Further, Pope John Paul II himself wrote in striking terms in his final book about his encyclical Rich in Mercy (Dives in Misericordia) and St. Faustina's strong influence on him: 

[T]he reflections offered in Dives in Misericordia were the fruit of my pastoral experience in Poland, especially in Krakow. That is where Saint Faustina Kowalska is buried, she who was chosen by Christ to be a particularly enlightened interpreter of the truth of Divine Mercy. For Sister Faustina, this truth led to an extraordinarily rich mystical life. She was a simple, uneducated person, and yet those who read the Diary of her revelations are astounded by the depth of her mystical experience (John Paul II, Memory and Identity. New York, N.Y.: Rizzoli, 2005, pp. 5-6).

There are more examples of the influence of Divine Mercy and Faustina on Pope John Paul II's life, to which he personally testified. On November 22, 1981, Pope John Paul II made his first public visit outside of Rome — following a lengthy recuperation from medical complications he had suffered in the aftermath of the attempt on his life earlier that year on May 13. He traveled on the Feast of Christ the King to the Shrine of Merciful Love in Collevalenza, near Todi, Italy. There, within a few days, an international congress was held to reflect on the encyclical Rich Mercy (Dives in Misericordia).

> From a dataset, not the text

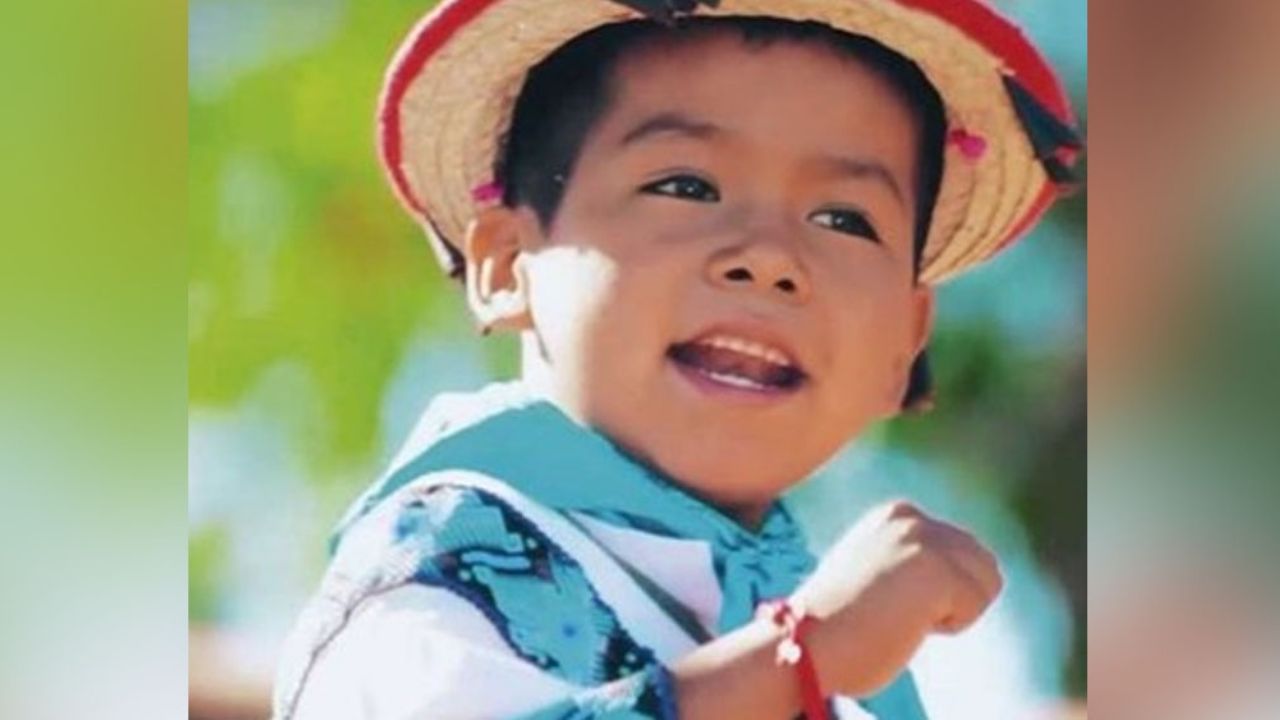 A 3 años de su inolvidable comercial, así luce actualmente Yawi; reapareció con Samuel García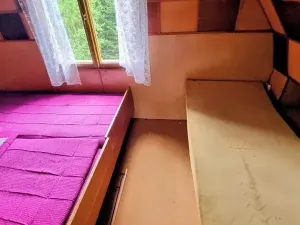 Prodej chaty, Bílý Kámen, 70 m2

After celebrating the Holy Sacrifice of the Eucharist, he made a strong public declaration about the importance of the message of mercy right from the beginning of his papacy: 
A year ago I published the encyclical Dives in Misericordia. This circumstance made me come to the Sanctuary of Merciful Love today. By my presence I wish to reconfirm, in a way, the message of that encyclical. I wish to read it again and deliver it again. 

Right from the beginning of my ministry in St. Peter's See in Rome, I considered this message my special task. Providence has assigned it to me in the present situation of man, the Church, and the world. It could be said that precisely this situation assigned that message to me as my task before God (John Paul II at The Shrine of Merciful Love in Collevalenga, Italy, November 22, 1981).